Eventually Amy and Shannon were there together again and Amy said, "You're turning the energy of your contractions mostly to screaming, not to pushing." Shannon said to me, "Okay, Jenny. You're not allowed to scream anymore." I felt indignant. So they thought I was goofing off? Did they think I liked screaming? "When the next contraction comes, I want you to hold your breath and push until I say."
The next one came, and she said, "Take a breath!" I did, and bore down. "Let it out! Take a breath! And breathe."
This was now what we did every contraction. They had me try a birthing bar for my legs, which I hated, and then for my arms, which was okay for a short while. Every time I got the sensation that another contraction was starting, Shannon coached me: "Take a breath. Let it out. Take a breath. Breathe."
It really did help, and I worried less about the other mothers on the floor, but it tired me out even more. I had given up trying different positions and was now lying on my back, with Eric/Shannon/Amy/Martha holding my legs up during contractions. I felt vaguely guilty about making them do it, and about being on my back, which my books said is actually a lousy labor position, but I was so tired. So tired. I was still dozing between contractions, and closing my eyes during them, and starting to think that maybe surgery wasn't going to be so bad after all.
Then, during a contraction, I fell asleep.
It was only for a fraction of a second. Then I woke up, disoriented, and didn't understand where I was or why I was in pain or why people were shouting at me and holding me. I cried out, and kicked away the hands holding my legs, and the contraction petered to a halt, and Eric said frantically, "What? What?" By then I was remembering where I was, and I tried to say "I was dreaming," meaning I had fallen asleep, but I was still so disoriented it didn't come out straight.

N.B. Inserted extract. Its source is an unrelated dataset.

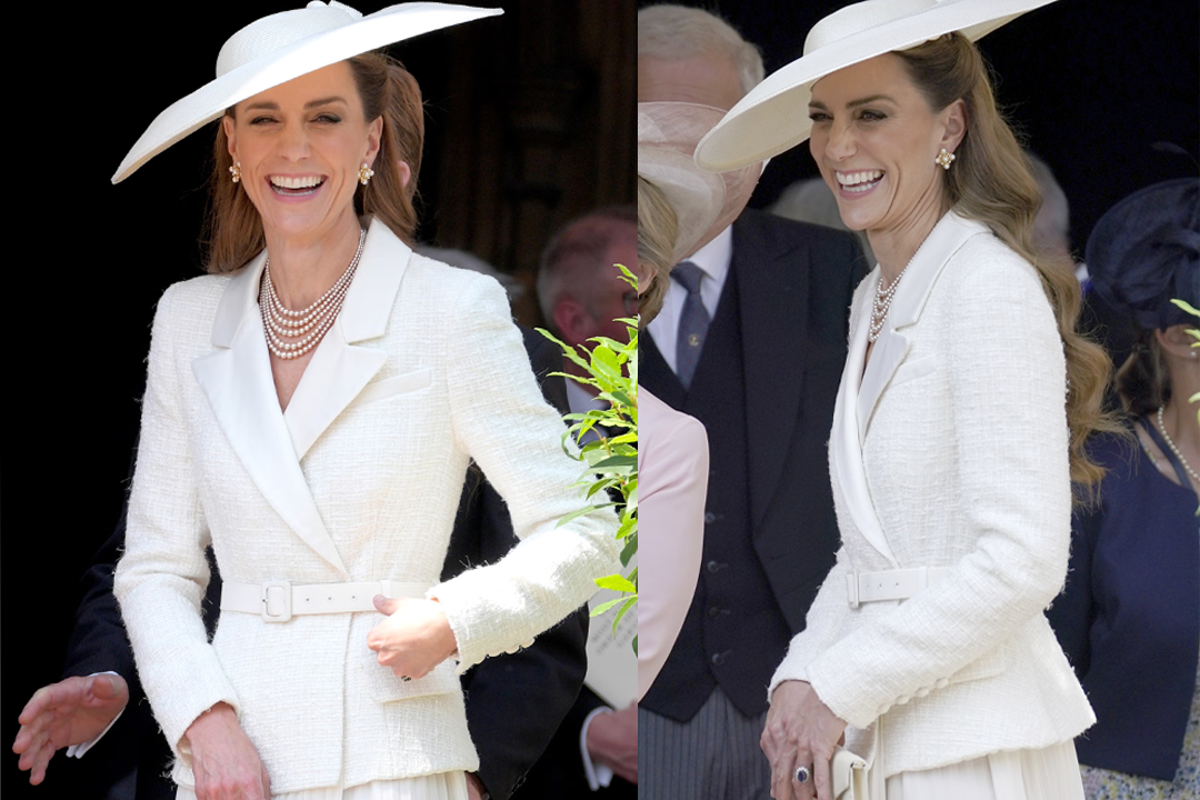 Kate Middleton just wore a bag from one of her favourite affordable luxury brands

"She's hallucinating," he groaned. He moved to my side and said, "What's your name?"
"Jenny."
"Where are we?"
"At the hospital." I said it brightly, realizing that he was trying to check my lucidity and wanting to tell him that I was okay now, but figured it was easier just to answer him. Probably I just sounded insane.
"Why are we here?"
"To have our baby."
"Okay," he said, and stumbled backward.
"Hey!" I said, and Martha moved to steady him.
"I'm okay," he said. "Not enough food or drink..."
He got trail mix and some of my water. The next contraction started, and I kept my eyes open. Knowing Eric was worried about me--and being worried about him--helped me focus, and I stayed awake.
An hour or so passed, and I was still pushing. "You're doing okay," Amy said, during a sort of team meeting between contractions. "But the baby's heartbeat isn't doing as well as it was. If you can't get this done soon, I'm going to have to call [the obstetrician associated with the midwife group], and we don't want that." I took it as sort of an insult and sort of a threat--"You're doing lousy and you better shape up or we'll shape you up"--but it did renew my energy, a little.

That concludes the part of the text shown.